Improvement Speaker Similarity for Zero-Shot Any-to-Any Voice Conversion of Whispered and Regular Speech
Anastasia Avdeeva, Aleksei Gusev
TL;DR
The paper tackles zero-shot any-to-any VC for both whispered and regular speech, aiming to maximize speaker similarity in real-time. It introduces SpeakerVC, a lightweight system based on StyleTTS2, augmented with a HuBERT-based encoder producing discrete units and a cosine speaker loss $L_{spk} = \frac{1}{N}\left(1 - \frac{X \cdot Y}{\|X\| \|Y\|}\right)$, trained on expanded datasets with whispered data. Three decoder variants (Tacotron2, FastSpeech2, SpeakerVC) are explored, with SpeakerVC further enhanced by an Acoustic Style Encoder and ECAPA-TDNN speaker embeddings, enabling strong EER and SIM-o performance while keeping streaming latency around 0.8 seconds. Across objective and subjective evaluations (WER, EER, SIM-o, SMOS), the proposed methods, especiallySpeakerVC, outperform several SOTA TTS/VC baselines in any-to-any scenarios, including whispered-to-speech tasks, and demonstrate robustness for streaming deployment. The work highlights that incorporating a dedicated speaker loss and scaling the speaker pool during training significantly improves speaker identity transfer, contributing to practical, real-time whisper-aware VC capabilities.
Abstract
Zero-shot voice conversion aims to transfer the voice of a source speaker to that of a speaker unseen during training, while preserving the content information. Although various methods have been proposed to reconstruct speaker information in generated speech, there is still room for improvement in achieving high similarity between generated and ground truth recordings. Furthermore, zero-shot voice conversion for speech in specific domains, such as whispered, remains an unexplored area.
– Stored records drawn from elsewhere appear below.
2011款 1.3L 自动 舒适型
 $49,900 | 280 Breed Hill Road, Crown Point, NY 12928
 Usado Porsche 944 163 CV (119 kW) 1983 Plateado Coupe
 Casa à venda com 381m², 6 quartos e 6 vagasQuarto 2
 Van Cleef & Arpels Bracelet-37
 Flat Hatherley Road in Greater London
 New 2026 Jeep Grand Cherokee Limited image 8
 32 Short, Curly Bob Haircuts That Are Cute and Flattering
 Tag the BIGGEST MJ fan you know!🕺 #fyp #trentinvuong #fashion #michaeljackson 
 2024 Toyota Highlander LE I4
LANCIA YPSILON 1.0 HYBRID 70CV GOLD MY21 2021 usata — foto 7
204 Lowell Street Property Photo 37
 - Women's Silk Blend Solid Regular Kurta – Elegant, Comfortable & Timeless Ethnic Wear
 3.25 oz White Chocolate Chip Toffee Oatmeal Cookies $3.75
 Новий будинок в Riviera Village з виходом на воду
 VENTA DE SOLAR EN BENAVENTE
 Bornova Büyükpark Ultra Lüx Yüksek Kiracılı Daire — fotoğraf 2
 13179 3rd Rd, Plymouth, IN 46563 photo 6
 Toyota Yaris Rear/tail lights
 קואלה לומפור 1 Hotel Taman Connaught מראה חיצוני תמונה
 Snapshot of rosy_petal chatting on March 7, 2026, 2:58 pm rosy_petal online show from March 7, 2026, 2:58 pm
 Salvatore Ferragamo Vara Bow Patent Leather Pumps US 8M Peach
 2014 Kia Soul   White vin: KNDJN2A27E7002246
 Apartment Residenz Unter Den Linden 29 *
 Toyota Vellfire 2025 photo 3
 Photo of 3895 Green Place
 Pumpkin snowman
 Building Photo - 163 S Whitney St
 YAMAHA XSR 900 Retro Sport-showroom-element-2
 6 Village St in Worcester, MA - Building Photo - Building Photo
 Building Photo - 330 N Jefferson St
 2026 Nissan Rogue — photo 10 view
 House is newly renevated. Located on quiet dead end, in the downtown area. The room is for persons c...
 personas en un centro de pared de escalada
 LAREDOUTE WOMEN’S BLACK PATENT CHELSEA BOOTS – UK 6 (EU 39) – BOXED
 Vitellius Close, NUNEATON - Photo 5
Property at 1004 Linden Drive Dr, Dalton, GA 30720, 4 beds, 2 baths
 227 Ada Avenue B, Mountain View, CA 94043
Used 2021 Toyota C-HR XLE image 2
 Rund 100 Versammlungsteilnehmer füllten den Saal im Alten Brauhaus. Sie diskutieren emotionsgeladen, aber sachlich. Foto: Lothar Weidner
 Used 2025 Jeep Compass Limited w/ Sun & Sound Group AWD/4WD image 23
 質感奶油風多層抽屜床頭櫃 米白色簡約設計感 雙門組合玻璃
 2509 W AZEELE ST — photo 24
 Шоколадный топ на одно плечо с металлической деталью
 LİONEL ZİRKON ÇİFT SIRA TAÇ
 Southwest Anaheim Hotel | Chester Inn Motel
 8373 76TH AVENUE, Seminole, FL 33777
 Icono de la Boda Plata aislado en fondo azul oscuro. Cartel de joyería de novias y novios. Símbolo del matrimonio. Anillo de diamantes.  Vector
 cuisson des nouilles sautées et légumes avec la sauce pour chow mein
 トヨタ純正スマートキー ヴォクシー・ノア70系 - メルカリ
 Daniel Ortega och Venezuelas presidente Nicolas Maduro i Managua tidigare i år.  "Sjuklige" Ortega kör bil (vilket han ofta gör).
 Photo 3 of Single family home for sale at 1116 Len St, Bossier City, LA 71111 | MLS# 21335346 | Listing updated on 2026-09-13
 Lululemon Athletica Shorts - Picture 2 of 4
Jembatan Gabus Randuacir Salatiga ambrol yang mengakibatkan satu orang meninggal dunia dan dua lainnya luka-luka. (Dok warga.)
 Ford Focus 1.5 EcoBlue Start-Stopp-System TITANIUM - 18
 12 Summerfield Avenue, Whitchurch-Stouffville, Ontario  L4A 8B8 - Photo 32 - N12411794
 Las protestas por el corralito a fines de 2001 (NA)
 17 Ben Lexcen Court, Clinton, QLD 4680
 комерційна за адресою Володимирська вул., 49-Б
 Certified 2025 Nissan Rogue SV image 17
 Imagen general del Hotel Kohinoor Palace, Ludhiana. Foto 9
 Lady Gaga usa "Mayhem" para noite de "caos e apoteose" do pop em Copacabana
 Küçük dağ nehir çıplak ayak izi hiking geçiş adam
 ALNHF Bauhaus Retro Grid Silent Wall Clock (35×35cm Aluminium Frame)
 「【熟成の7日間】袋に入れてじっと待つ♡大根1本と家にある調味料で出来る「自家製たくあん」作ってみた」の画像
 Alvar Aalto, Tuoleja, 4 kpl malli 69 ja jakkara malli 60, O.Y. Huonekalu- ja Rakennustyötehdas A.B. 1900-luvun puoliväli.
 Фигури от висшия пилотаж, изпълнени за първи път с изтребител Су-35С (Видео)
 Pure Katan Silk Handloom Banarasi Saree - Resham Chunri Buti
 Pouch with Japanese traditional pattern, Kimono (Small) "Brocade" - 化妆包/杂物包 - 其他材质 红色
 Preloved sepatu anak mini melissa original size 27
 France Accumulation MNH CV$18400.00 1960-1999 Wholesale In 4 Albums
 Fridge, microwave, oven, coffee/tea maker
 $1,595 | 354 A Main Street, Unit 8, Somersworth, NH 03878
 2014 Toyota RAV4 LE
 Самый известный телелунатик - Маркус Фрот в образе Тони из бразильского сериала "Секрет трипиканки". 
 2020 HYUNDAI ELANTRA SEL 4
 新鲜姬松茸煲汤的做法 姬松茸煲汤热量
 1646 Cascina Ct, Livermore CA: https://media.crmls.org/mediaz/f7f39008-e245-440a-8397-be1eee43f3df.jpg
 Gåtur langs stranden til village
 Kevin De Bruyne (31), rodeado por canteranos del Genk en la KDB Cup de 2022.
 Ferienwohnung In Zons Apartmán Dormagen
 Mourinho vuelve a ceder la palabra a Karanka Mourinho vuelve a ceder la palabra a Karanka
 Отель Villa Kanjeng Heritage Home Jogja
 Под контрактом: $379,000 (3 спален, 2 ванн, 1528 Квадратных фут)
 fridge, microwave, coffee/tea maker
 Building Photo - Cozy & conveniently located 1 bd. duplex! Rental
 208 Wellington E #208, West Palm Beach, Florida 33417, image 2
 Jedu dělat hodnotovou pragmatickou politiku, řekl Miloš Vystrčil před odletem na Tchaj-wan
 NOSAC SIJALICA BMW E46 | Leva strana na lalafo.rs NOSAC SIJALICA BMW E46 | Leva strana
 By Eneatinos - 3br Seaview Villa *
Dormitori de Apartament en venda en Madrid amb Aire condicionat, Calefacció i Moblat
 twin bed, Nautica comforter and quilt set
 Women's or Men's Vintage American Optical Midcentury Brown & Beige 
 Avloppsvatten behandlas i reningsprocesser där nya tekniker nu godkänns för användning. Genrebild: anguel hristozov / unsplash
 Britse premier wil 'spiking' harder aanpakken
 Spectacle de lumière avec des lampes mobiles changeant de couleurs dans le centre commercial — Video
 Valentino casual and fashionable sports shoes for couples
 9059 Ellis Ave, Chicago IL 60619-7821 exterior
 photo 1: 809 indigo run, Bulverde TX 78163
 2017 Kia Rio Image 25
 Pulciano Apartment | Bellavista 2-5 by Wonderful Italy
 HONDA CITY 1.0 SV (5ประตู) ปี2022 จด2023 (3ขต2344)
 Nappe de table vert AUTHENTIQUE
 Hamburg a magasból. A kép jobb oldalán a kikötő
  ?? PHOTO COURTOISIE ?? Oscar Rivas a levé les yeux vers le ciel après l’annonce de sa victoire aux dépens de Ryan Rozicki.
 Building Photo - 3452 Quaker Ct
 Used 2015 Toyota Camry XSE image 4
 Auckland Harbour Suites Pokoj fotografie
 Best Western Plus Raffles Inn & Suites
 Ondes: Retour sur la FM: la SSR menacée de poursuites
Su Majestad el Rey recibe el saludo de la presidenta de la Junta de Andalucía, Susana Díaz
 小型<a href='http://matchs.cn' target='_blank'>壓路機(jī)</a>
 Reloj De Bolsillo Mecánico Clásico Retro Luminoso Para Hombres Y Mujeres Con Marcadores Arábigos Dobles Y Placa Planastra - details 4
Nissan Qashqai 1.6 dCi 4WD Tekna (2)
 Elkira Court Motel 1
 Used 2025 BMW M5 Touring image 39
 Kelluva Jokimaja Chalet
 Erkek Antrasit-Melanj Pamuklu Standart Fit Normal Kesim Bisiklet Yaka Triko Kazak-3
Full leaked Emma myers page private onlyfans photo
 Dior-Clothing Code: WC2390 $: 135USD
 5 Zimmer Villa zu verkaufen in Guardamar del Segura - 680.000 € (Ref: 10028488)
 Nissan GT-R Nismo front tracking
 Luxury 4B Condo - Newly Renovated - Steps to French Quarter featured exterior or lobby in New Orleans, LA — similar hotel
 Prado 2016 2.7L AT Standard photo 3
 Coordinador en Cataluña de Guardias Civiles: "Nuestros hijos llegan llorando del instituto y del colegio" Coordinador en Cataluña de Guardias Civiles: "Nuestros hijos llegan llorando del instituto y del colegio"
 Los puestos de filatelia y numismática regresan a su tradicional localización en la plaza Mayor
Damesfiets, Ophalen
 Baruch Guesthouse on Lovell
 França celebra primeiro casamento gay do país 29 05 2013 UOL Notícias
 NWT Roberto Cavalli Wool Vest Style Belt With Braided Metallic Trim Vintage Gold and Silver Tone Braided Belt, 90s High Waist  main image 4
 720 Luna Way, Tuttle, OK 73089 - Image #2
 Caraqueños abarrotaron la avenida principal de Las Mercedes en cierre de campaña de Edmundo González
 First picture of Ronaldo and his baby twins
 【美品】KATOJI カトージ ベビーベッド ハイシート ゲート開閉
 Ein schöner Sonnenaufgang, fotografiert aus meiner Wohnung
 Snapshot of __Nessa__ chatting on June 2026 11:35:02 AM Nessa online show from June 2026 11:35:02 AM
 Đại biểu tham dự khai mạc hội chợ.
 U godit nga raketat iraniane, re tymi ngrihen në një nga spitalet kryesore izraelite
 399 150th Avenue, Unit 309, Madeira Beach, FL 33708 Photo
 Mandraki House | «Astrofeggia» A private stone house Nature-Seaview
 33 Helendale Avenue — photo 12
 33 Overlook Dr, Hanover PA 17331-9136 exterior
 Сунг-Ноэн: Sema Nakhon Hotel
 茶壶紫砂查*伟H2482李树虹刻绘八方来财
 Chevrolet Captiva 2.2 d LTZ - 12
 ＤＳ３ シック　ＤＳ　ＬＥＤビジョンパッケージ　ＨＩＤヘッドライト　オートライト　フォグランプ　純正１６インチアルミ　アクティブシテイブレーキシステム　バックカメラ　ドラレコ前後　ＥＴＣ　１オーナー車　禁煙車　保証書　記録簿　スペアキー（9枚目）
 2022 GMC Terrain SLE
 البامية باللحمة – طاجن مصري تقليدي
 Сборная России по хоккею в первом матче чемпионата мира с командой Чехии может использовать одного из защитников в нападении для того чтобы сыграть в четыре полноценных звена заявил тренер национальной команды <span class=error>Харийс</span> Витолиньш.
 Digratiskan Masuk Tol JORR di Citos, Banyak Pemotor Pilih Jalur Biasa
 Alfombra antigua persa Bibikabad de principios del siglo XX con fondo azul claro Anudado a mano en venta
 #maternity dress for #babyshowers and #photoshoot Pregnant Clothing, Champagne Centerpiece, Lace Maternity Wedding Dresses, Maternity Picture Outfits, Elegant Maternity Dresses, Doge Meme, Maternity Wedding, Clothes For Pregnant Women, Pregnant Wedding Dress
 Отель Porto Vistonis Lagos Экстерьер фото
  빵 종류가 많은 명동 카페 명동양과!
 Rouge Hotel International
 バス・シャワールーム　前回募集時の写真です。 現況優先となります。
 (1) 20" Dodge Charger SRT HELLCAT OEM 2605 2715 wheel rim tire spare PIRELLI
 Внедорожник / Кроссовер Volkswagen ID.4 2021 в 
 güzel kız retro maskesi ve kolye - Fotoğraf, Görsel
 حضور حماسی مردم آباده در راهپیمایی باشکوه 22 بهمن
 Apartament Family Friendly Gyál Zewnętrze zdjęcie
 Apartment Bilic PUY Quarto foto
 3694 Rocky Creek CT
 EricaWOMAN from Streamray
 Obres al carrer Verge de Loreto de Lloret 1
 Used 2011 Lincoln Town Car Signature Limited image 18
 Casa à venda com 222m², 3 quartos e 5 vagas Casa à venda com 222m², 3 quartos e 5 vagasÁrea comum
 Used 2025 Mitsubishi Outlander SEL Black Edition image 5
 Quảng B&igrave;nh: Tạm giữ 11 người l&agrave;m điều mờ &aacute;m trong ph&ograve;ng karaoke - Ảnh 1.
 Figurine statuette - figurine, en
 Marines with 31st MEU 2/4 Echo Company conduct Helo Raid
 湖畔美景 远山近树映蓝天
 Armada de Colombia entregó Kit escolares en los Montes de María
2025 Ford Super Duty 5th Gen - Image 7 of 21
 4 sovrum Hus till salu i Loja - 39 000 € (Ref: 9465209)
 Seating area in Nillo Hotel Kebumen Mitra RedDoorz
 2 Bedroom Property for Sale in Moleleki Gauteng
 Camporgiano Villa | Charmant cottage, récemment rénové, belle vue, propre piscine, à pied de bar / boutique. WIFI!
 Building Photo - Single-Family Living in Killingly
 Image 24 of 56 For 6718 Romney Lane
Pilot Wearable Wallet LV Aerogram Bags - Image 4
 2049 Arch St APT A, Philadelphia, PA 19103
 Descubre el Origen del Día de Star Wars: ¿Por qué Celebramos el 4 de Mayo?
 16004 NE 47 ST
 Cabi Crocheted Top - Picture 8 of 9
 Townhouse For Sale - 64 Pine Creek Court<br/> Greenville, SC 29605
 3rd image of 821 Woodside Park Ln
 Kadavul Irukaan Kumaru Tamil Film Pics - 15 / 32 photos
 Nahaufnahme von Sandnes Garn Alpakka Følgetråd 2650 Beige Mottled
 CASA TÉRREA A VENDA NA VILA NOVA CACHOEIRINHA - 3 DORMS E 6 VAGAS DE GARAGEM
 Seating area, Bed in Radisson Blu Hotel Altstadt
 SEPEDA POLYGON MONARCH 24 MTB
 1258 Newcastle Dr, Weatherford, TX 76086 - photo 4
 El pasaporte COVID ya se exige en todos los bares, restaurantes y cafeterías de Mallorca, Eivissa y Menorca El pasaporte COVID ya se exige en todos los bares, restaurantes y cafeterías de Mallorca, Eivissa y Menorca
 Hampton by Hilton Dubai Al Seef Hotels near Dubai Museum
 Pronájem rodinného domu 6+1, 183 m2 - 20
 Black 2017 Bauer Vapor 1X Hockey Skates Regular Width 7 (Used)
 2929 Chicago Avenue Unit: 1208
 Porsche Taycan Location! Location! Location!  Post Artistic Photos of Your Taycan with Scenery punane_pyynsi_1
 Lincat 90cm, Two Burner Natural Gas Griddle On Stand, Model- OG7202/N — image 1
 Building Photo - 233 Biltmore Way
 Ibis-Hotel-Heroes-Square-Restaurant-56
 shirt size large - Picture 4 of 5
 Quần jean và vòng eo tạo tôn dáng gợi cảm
To address this problem, we propose a SpeakerVC model that can effectively perform zero-shot speech conversion in both voiced and whispered domains, while being lightweight and capable of running in streaming mode without significant quality degradation. In addition, we explore methods to improve the quality of speaker identity transfer and demonstrate their effectiveness for a variety of voice conversion systems.